The Ghardimaou area is characterized by moderate temperatures which oscillate between 8 and 17 °C in winter and between 25 and 30 °C in summer. The annual rainfall is on average 400 mm/year and the evaporation is about 1,300 mm/year.

The Ghardimaou aquifer system appears as a potential resource able to provide interesting flows. However, former geological and hydrogeological studies in this region were not sufficient to propose zones and strategies for the exploitation of this resource. Tectonic and sedimentary phenomena and their impact on the aquifer functioning had not been elucidated. The aim of this study is, therefore, to determine the deposit structures to improve the understanding of the aquifer system.

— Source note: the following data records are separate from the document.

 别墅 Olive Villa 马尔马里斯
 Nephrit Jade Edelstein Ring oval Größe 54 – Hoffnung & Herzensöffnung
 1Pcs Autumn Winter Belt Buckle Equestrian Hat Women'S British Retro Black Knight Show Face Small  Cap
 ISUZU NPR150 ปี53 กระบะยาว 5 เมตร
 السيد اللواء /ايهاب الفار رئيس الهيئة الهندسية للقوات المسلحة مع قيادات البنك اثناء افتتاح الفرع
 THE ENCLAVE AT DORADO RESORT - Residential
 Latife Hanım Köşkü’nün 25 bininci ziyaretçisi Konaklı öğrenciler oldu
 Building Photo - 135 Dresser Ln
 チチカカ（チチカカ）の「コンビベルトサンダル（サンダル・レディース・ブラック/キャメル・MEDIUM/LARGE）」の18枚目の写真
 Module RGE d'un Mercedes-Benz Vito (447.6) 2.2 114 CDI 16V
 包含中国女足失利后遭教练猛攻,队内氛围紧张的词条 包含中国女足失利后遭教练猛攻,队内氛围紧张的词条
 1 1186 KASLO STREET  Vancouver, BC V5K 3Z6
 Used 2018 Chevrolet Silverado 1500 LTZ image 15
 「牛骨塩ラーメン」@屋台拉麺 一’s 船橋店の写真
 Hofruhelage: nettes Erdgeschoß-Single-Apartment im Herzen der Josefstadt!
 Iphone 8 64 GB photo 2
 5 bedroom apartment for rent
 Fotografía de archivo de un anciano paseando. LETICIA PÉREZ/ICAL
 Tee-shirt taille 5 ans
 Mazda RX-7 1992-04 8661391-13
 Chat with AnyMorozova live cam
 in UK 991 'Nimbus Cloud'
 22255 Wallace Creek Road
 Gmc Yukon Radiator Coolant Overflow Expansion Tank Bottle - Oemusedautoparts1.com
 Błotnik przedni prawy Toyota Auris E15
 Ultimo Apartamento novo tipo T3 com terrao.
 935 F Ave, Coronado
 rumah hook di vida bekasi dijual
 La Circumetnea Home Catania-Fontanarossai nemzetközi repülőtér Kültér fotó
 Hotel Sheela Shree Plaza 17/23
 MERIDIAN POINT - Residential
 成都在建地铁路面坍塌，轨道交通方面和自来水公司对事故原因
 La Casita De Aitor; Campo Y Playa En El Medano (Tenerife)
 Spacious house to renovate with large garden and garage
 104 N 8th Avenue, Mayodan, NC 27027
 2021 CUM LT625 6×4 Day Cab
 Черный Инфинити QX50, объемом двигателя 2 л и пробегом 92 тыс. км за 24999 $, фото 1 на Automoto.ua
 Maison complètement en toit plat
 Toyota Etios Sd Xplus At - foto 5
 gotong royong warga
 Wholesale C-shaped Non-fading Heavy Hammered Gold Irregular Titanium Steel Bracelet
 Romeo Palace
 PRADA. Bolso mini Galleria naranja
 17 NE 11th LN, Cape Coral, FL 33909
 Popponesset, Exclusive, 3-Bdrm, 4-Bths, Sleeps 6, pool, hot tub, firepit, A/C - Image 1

The electrical resistivity method, usually applied in the aquifers’ prospection (Keller and Frischknecht 1982; Meyer de Stadelhofen 1991; Majumdar et al. 2000; Shaaban 2001; Koussoubé et al. 2003; Zouhri et al. 2004; Asfahani 2006; Gouasmia et al. 2006; Guellala et al. 2009a, b, 2010, 2011c; Tizro et al. 2010; Pertu et al. 2011) appears as an appropriate method able to guarantee a good knowledge of the Ghardimaou aquifer system.

Geolgical setting

The Ghardimaou plain corresponds to the western part of the Mejerda molassic basin. Its margins are represented by the Kroumirie Mountains with thrust nappes in the north (Rouvier 1977; Ould Begga et al. 2006; Riahi et al. 2010) and the Mellegue Mountains in the south (Fig. 1).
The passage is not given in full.